Veteran political leader Chandra Shekhar had visited Sitamarhi after the riots. He was reported in the media as observing that he had long experience of visiting places of communal violence across the country but he had rarely seen relief work so perfectly carried out to match Sitamarhi.
To conclude, it may be added that communal violence rarely erupts without a warning or foreshadow which, if overlooked or ignored, can cause misfortune to the people of the district without fail. In such cases the District Magistrate and Superintendent of Police are caught offguard. Intelligence inputs, if at all, are either vague or inadequate or nebulous to pre-empt the erruption of violence.
The relations between the District Magistrate and Superintendent of Police in any district across the country, I dare say, is rarely marked by trust, confidence and cordiality. On many issues, they scarcely see eye to eye or there is a meeting of minds of the two. Such an environment simply wrecks day-to-day working in critical times. Besides, there are social and psycological factors to embitter their inter-personal relations.

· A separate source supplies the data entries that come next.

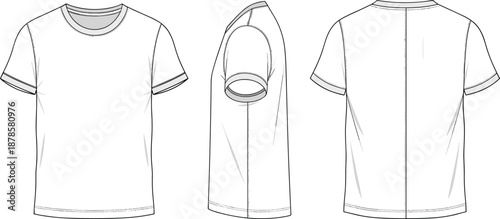 Blank t shirt technical fashion sketch showing front, side and back views, apparel design template for mockup illustration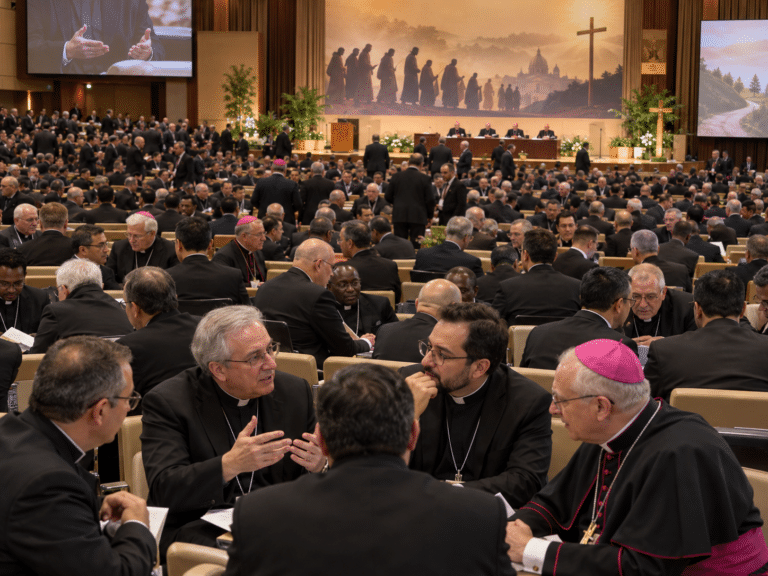 Asamblea de sacerdotes en un auditorio
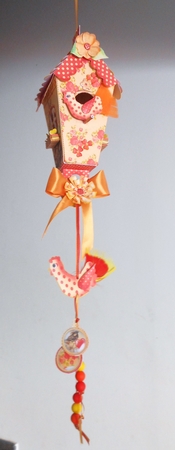 Cottage Rose Hanging Birdhouse/treat Box Decoration by S.Elisabet Osborn Wright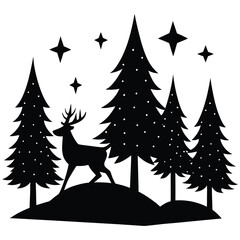 Naklejka premium Black silhouette of a deer and pine trees under a starry sky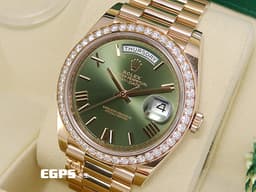 ROLEX 勞力士 DayDate 40 蠔式 星期日曆型 228345RBR <font color="#779b59">原廠鑽石外圈 DD60周年紀念款 橄欖綠色面盤</font> DD40 永恆玫瑰金 <font color="#FF0000">2018年保單 元首型(President)錶帶 總統帶</font> 228345 RBR 自動上鏈 40mm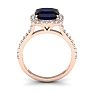 3 1/2 Carat Cushion Cut Sapphire and Halo Diamond Ring In 14K Rose Gold Image-3
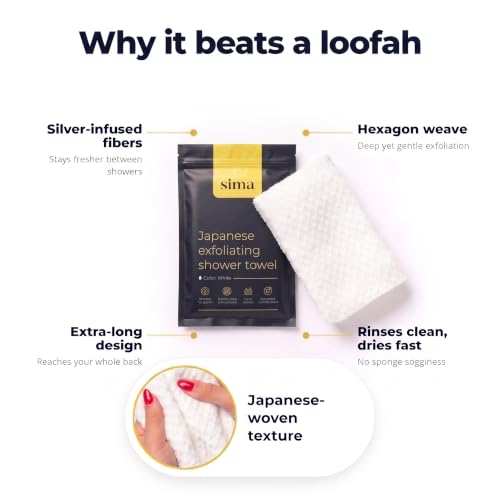 Exfoliating Washcloth Face & Body Scrub Towel - Japanese Exfoliating Towel with Hexagon Fibers, Body Scrubber with 2 Sides for Scrubbing & Washing, Extra Long Body Towels (White) | Japanese Exfoliating Washcloth with Hexagon Fibers, 2 Sides for Scrubbing
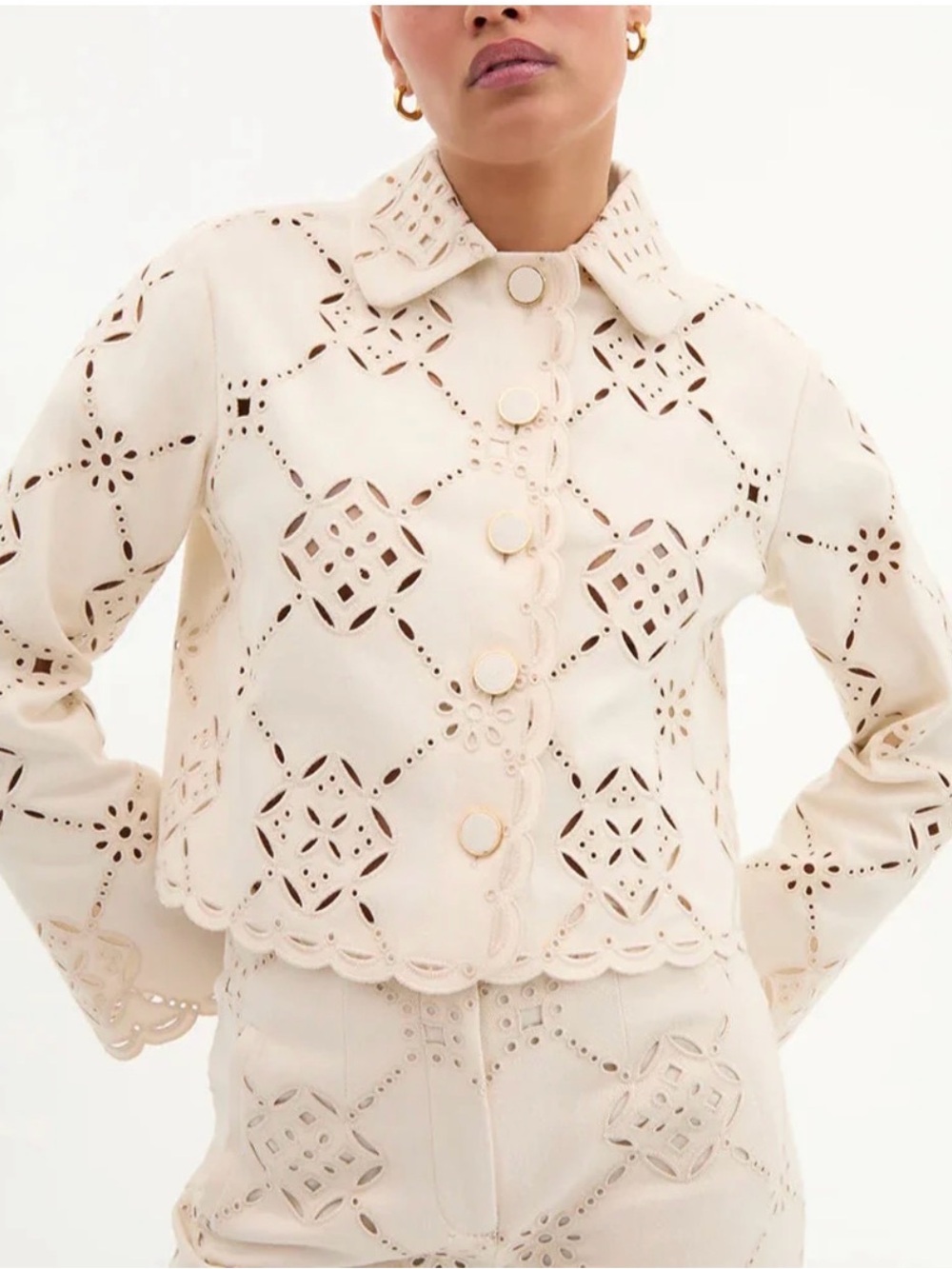 Veronica Beard Cream Eyelet Cutout Cropped Blazer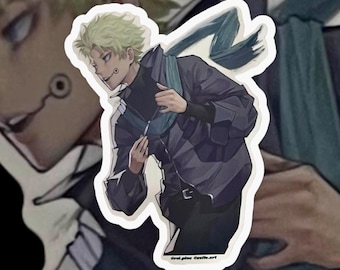 May include: A sticker featuring a cartoon character with blond hair wearing a dark blue jacket and a teal scarf. The character has a mischievous expression and is holding the scarf with one hand.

The District Magistrate, Nalanda was on French leave when the communal conflagration broke out in Biharsharif town in 1981 and took a heavy toll obliging the Prime Minister to pay a visit to that town. When Mrs Indira Gandhi was airborne only then did the Bihar Chief Minister get the information of her impending visit.
In Sitamarhi, the DM and SP were not on the same page. The procession carrying idols of the deity Durga for immersion at Lakhandei river was allowed to divert from the route under pressure from some political bigwigs including a Union Minister of State belonging to the district. This triggered the unfortunate disturbances. Some senior police officers, however, believed that the number of people in the procession was large and had spilled over to other areas which could not be termed as diversion of route. The presence of the DM and SP on the spot could have averted the crisis befalling the district but sadly they had fled the scene leaving the emerging situation to their juniors to handle. The junior officers lacked the weight and stature to measure up to the situation in public esteem to curb it successfully. It was an inescapable recipe for disaster indeed!
After the Biharshariff riots, the Government of India had issued guidelines which, inte ralia, laid down that the District Magistrate and Superintendent of Police would be held responsible for communal violence in the district under their charge. There is perhaps no record to boast of action against any recalcitrant officials anywhere in the country. Only those without godfater(s) might have been taken to task, if at all.